◆ **DATASET RECORDS**
_ _ _

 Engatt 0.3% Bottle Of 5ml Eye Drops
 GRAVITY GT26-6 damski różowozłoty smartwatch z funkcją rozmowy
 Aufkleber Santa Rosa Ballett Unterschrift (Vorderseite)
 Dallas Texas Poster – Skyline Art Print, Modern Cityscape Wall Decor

_ _ _

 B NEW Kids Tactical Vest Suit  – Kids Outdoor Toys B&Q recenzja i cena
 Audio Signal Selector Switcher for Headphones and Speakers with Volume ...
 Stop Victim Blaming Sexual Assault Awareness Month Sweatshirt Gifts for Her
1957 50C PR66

_ _ _

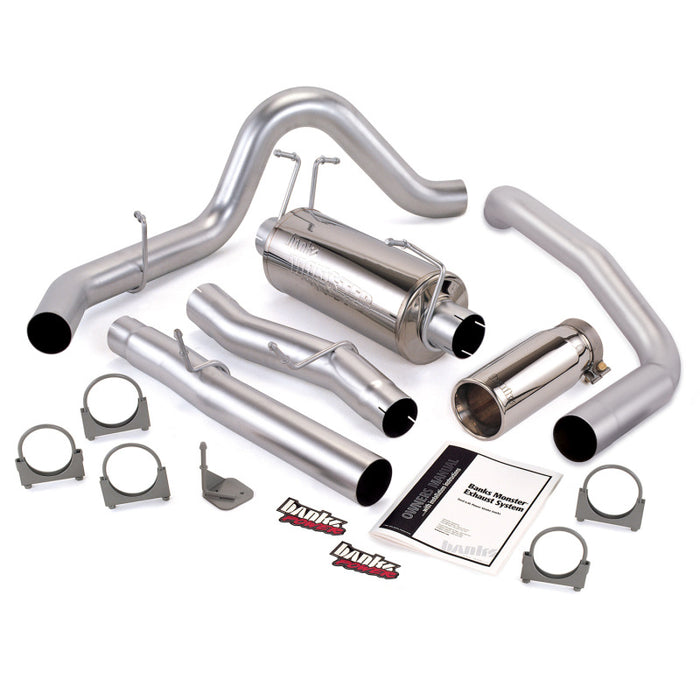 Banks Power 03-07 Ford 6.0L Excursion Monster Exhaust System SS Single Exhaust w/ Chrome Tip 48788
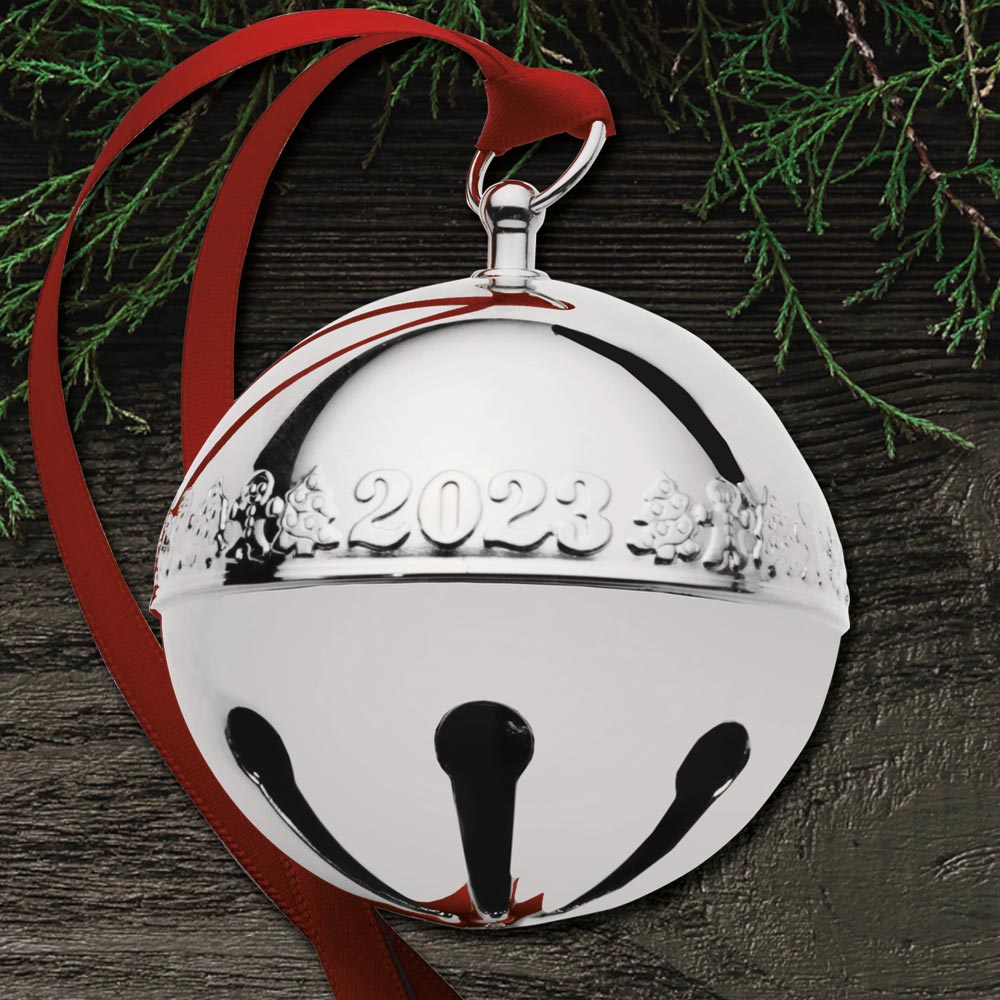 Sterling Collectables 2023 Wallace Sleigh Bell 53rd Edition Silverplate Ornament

_ _ _

◆ **TO DO**
Write down, word for word, the lines above from the one containing "GRAVITY GT26-6 damski" through the one containing "Dallas Texas Poster", both ends included.

◆ **EXERCISE RESULT**
 GRAVITY GT26-6 damski różowozłoty smartwatch z funkcją rozmowy
 Aufkleber Santa Rosa Ballett Unterschrift (Vorderseite)
 Dallas Texas Poster – Skyline Art Print, Modern Cityscape Wall Decor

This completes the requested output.